══ EXERCISE INPUT ══

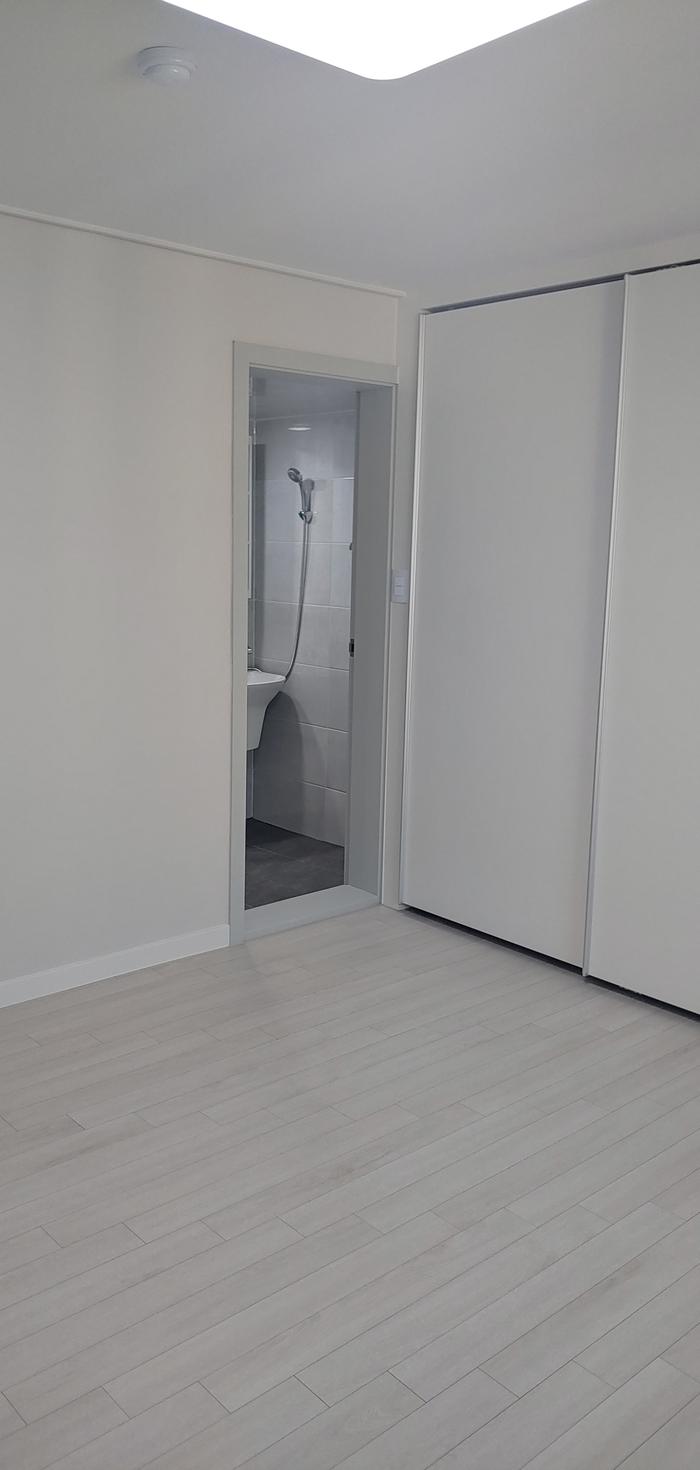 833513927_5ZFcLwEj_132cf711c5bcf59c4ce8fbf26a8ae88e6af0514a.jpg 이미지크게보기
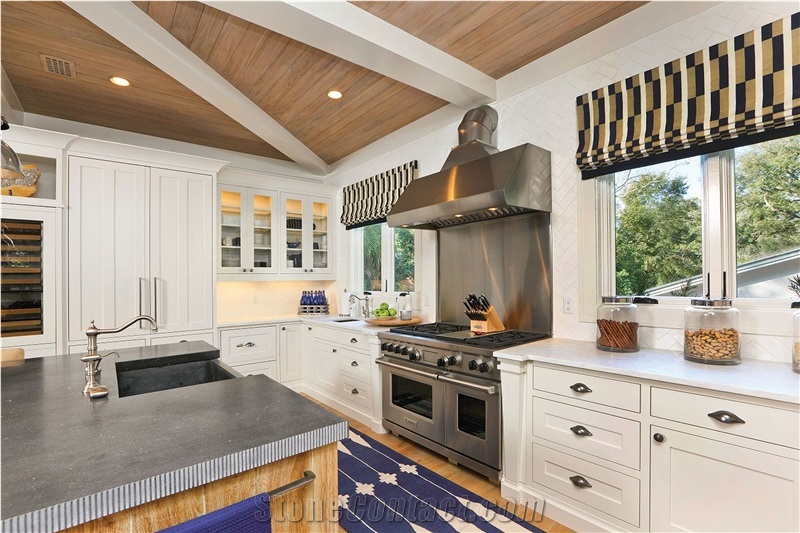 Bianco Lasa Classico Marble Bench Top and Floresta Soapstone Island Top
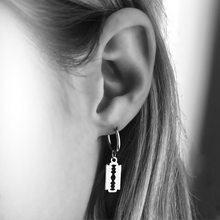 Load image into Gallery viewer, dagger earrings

═══
══ EXERCISE INPUT ══

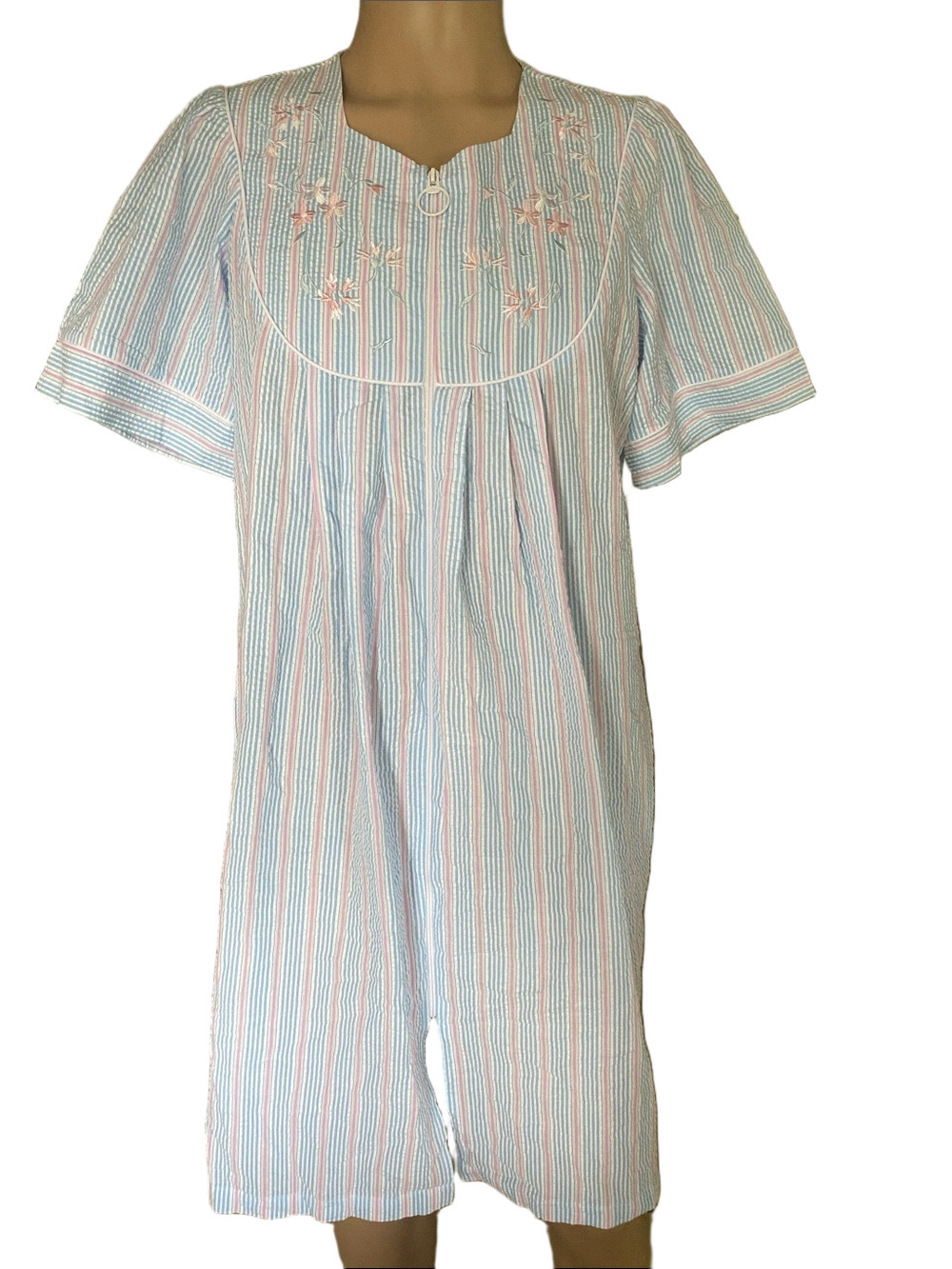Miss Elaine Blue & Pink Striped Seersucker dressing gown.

═══
══ EXERCISE INPUT ══

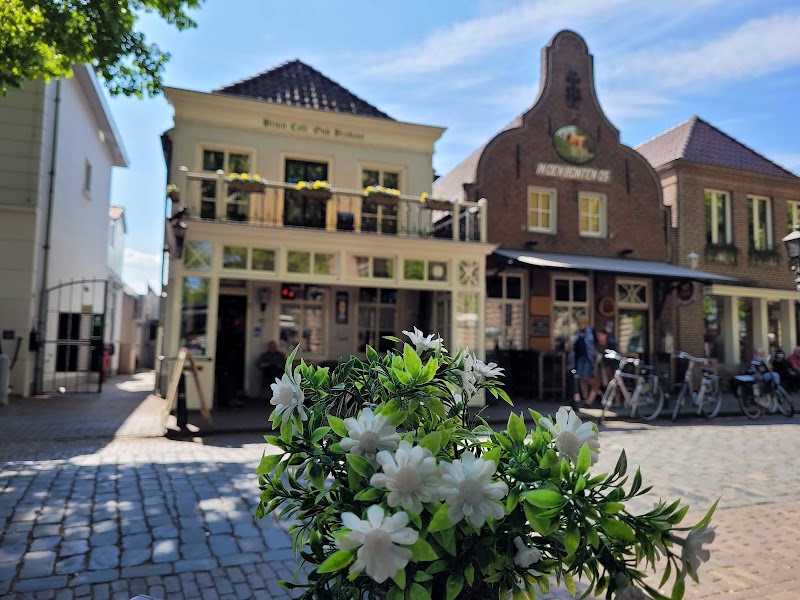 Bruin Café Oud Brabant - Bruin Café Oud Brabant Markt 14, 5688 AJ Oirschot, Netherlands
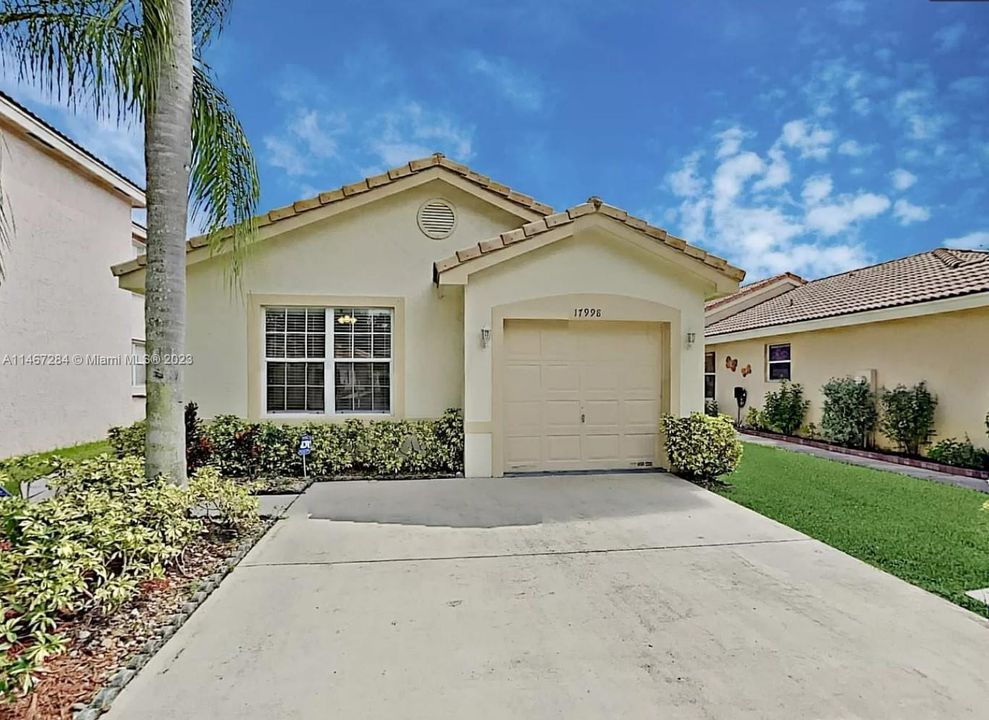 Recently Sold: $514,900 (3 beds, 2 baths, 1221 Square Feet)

═══

REQUIRED ACTION:
Begin at the line in the entries above that has "833513927_5ZFc", stop after the line that has "Load image into", and output exactly those lines without pictures.

RESPONSE AREA:
 833513927_5ZFcLwEj_132cf711c5bcf59c4ce8fbf26a8ae88e6af0514a.jpg 이미지크게보기
 Bianco Lasa Classico Marble Bench Top and Floresta Soapstone Island Top
 Load image into Gallery viewer, dagger earrings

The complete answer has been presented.